To further understand the volumetric mud behavior, numerous workers have investigated changes in open-hole annular, casing, and mud volumes caused by variations in temperatures and pressure inside the entire borehole.1 4

The conclusion was that mud-volume variation contributed about 90% to the total volume variation. Over the last couple of years, measurement-while-drilling (MWD) systems have been used to measure down-hole pressures and temperatures, providing additional insights.5 6

Interpretations of the data show that variations in temperatures and pressures were much larger than expected and that the measured data remained consistent with the results reported by Aadnøy.1 Temperature effects were early identified as a major cause of variations in effective mud density and mud volume.

Temperature profiles

Fig. 1 [64,459 bytes] shows a number of temperature profiles that exist in a well at any given time. The "virgin" temperature profile of the formation, T e, represents the temperature that exists in the formation before the well is drilled.

The term "virgin" refers to the mud and formation temperature that occurs at time zero, occurring instantaneously as the well is drilled. This temperature is not measured directly, but is an important parameter, both as a reference temperature and for analysis work related to hydrocarbon pressure-volume-temperature (PVT) behavior.

During the circulation of drilling fluids, the bottom part of the well is usually under a condition of cooling. The drilling fluid at bottom is heated in the process, resulting in a heat transfer to the upper part of the well.

As shown in the Equations box [20,865 bytes], Parts A-C, the drill pipe acts as a counter-current heat exchanger. The cold mud pumped down inside the drill pipe is heated by contact with the pipe wall (Fig. 2 [173,048 bytes]), while the return mud on the outside of the pipe is exposed both to the outside of the pipe and the annulus. For this reason, the inside and outside of the pipe have different temperatures.

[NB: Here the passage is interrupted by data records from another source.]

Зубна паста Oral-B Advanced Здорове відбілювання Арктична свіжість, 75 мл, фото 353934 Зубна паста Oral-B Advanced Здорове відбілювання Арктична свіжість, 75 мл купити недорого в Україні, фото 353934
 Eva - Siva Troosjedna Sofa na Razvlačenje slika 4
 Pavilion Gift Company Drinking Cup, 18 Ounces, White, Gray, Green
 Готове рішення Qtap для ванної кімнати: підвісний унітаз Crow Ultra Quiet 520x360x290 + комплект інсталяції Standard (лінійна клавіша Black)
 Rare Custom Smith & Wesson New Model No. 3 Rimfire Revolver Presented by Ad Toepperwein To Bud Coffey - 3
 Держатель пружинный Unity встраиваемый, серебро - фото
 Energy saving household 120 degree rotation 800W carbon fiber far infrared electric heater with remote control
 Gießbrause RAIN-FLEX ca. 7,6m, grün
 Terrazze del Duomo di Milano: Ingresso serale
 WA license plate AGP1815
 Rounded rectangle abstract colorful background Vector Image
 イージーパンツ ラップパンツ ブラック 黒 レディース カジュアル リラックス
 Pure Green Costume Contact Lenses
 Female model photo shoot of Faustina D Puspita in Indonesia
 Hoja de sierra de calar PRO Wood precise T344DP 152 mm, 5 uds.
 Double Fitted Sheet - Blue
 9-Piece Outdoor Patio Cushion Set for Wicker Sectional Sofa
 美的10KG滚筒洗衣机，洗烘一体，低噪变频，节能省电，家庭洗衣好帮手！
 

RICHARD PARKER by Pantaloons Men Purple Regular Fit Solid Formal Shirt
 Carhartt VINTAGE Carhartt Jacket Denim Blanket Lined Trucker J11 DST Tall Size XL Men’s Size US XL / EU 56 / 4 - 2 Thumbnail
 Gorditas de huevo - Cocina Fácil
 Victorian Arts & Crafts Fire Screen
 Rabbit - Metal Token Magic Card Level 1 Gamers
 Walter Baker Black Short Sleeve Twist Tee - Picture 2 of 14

Fig. 1 shows a typical temperature profile for the formation at the borehole wall (Twb), which is different from the virgin temperature (Te). This difference depends on the heat conduction properties of the rock formation and the open-hole time exposure.

At the borehole wall, there is a heat exchange between the formation and the drilling mud, resulting in a temperature profile in the mud in the annulus defined by Ta. Because the drill pipe is a counter-current heat exchanger, the mud temperature (Tt) inside the drill pipe is usually lower than Ta.

It has been observed that the total heat-exchange process results in four different temperature profiles.

As drilling is initiated, a temperature-measurement probe is placed somewhere in the BHA.5 6 Because this probe is located between the inside and outside of the drillstring, the measured temperature probably reflects some average between Ta and Tt.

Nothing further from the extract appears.